COLLECTED MATERIAL -
____________________

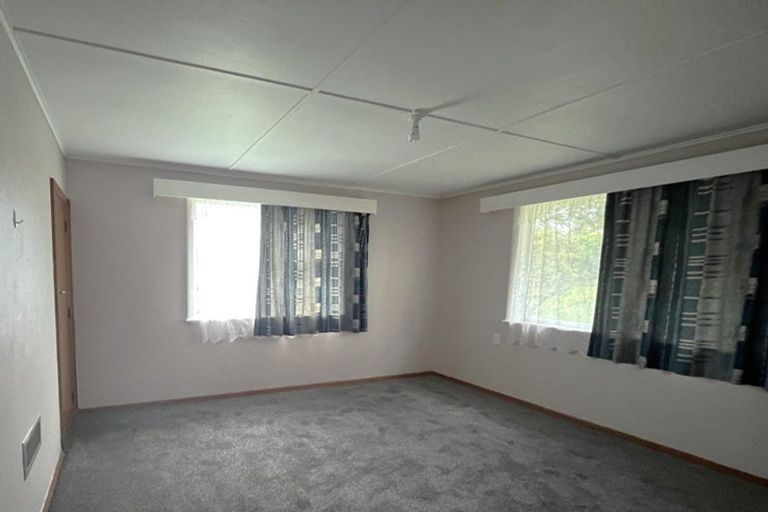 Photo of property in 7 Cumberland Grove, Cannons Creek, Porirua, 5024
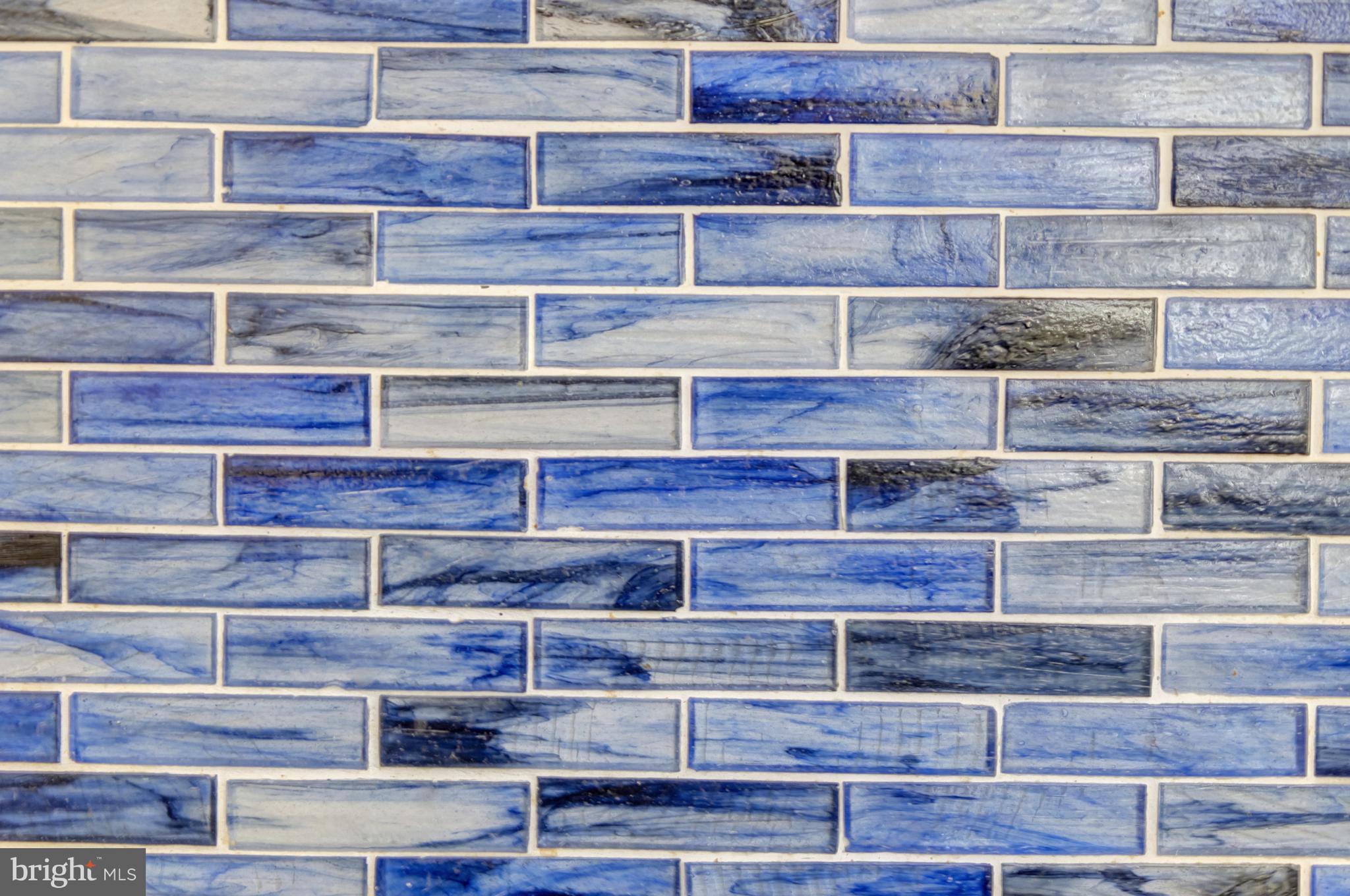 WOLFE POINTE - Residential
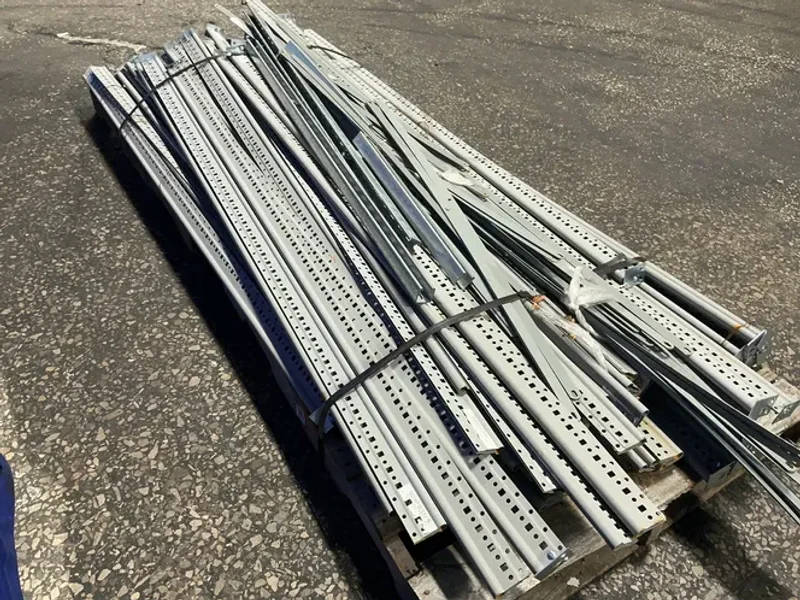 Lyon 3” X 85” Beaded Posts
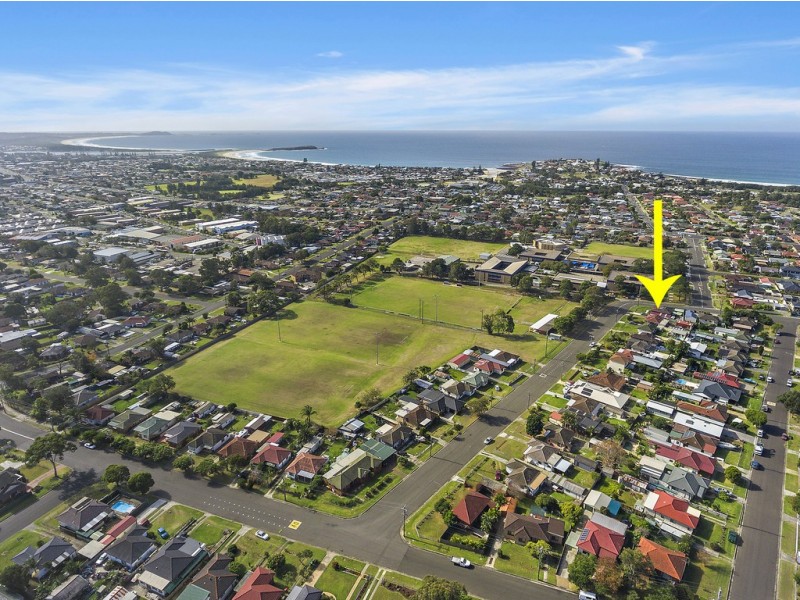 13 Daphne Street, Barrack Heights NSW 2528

____________________

YOUR GOAL -
Would you give the material back exactly, minus the pictures?

YOUR RESPONSE -
 Photo of property in 7 Cumberland Grove, Cannons Creek, Porirua, 5024
 WOLFE POINTE - Residential
 Lyon 3” X 85” Beaded Posts
 13 Daphne Street, Barrack Heights NSW 2528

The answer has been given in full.